** TASK **
From the line containing "Hop Garland 180cm" down to the line containing "Chateau De Bouelles" in the records below, reproduce every line exactly, ends included, and omit all others.

** TASK DATA **
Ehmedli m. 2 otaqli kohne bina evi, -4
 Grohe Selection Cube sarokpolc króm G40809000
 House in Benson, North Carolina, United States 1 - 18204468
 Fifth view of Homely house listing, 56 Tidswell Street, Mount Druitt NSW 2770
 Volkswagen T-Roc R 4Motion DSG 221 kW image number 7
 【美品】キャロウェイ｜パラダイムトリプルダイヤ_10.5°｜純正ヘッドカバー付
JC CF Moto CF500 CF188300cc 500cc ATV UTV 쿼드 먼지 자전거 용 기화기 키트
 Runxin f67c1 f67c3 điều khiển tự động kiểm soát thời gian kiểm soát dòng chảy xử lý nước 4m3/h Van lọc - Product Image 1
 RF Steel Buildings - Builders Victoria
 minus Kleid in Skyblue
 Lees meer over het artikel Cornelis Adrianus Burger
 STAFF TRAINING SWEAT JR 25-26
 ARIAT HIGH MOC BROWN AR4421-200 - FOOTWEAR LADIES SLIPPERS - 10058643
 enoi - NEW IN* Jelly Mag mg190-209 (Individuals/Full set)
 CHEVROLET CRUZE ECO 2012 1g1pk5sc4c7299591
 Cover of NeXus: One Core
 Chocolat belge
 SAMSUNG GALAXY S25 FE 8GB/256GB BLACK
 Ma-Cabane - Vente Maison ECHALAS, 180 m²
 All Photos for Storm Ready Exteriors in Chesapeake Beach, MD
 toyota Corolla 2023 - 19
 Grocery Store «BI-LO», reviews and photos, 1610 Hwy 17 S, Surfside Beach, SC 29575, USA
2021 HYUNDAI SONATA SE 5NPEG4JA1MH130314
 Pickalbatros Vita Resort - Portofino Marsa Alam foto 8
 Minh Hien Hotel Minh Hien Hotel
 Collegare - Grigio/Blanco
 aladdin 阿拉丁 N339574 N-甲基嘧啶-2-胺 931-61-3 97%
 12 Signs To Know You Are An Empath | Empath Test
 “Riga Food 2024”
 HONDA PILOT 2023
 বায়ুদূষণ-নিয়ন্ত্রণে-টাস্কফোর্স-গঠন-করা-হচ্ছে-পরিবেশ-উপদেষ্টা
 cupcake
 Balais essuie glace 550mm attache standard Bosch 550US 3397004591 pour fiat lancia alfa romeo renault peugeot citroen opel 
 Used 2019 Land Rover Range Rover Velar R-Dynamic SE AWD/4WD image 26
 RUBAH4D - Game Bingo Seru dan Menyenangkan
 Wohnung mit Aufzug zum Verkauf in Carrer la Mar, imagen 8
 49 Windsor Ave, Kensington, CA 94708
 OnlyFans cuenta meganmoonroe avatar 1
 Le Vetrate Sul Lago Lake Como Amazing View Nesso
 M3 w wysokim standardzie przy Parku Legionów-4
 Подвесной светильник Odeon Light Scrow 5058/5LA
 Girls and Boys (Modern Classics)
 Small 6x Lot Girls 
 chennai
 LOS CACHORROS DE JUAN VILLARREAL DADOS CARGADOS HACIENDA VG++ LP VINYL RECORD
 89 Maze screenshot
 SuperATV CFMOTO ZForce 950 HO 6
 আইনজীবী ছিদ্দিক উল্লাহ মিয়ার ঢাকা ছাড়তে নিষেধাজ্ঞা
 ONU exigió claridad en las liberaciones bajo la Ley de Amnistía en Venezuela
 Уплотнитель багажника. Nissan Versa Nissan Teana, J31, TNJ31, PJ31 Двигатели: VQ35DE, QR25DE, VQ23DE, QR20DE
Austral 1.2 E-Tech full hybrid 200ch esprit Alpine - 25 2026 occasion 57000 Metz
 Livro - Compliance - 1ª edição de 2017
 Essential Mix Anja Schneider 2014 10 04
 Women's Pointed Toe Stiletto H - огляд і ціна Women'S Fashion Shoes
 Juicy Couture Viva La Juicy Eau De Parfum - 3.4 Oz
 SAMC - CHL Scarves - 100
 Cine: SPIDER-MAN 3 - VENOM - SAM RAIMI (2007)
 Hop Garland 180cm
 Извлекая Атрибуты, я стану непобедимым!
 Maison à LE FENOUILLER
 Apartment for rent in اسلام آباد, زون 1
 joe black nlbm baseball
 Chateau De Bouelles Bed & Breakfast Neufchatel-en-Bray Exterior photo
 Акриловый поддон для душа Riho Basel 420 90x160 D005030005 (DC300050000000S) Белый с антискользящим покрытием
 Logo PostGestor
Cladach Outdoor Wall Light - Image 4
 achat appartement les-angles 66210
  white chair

** TASK OUTPUT **
 Hop Garland 180cm
 Извлекая Атрибуты, я стану непобедимым!
 Maison à LE FENOUILLER
 Apartment for rent in اسلام آباد, زون 1
 joe black nlbm baseball
 Chateau De Bouelles Bed & Breakfast Neufchatel-en-Bray Exterior photo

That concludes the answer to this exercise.